A reivindicação da equipe perante à Prefeitura é para o apoio financeiro que possa custear a operação, que engloba os gastos com transporte, logística, hospedagem, alimentação, fisioterapia e outros. Com o recurso público, a diretoria do Sancor Maringá passaria a remanejar a receita de patrocínio, direcionando-a para o pagamento de funcionários e maior investimento na equipe.
— A gente busca a parte operacional. A nossa tem um custo relativamente baixo, mas que a gente tira do que a gente tem de patrocínio para pagar o operacional e a gente não consegue onerar e fazer toda a estrutura com os nossos profissionais, com a nossa infraestrutura. E é isso que nós estamos buscando da Prefeitura para poder ficar aqui em Maringá. […] Com o valor que eu gasto com essas estruturas, eu consigo remanejar do patrocínio para pagar os nossos profissionais. […] Hoje nós tiramos do que a gente poderia investir numa equipe, até melhorar e reforçar nossa equipe, para manter com o mínimo os nossos profissionais e a nossa estrutura — explicou Aldori Junior.

O time de vôlei conta com aproximadamente 17 funcionários que, segundo o técnico, têm o trabalho no clube como um segundo emprego, recebendo uma ajuda de custo pela atividade.

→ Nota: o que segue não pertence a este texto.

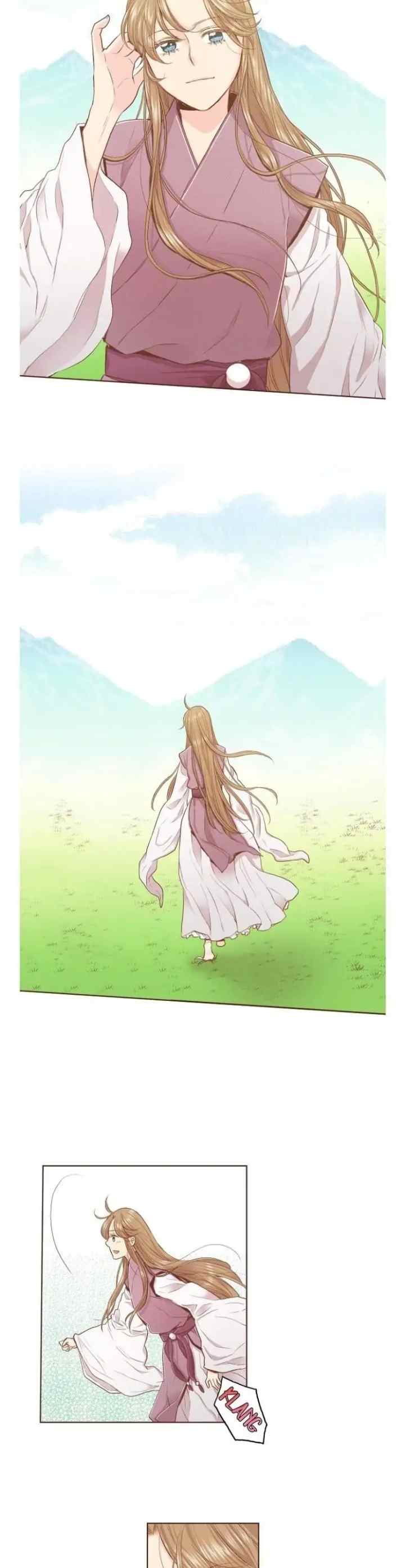 Snow Blossom chapter 110 halaman 9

— Todo mundo aceitou trabalhar por esse valor muito pequeno por um sonho. Isso foi crescendo, foi se consolidando, passou-se para o segundo ano e os profissionais continuaram acreditando que mais pra frente a gente ia conseguir se consolidar, se organizar. E nós estamos há cinco anos numa competição que é a maior do Brasil, de esporte olímpico, que é uma das maiores do mundo e nós profissionais continuamos trabalhando com ajuda de custo — disse o treinador.
— Queremos condições mínimas de trabalho para os nossos profissionais. […] Nós temos muito a intenção de ficar aqui em Maringá.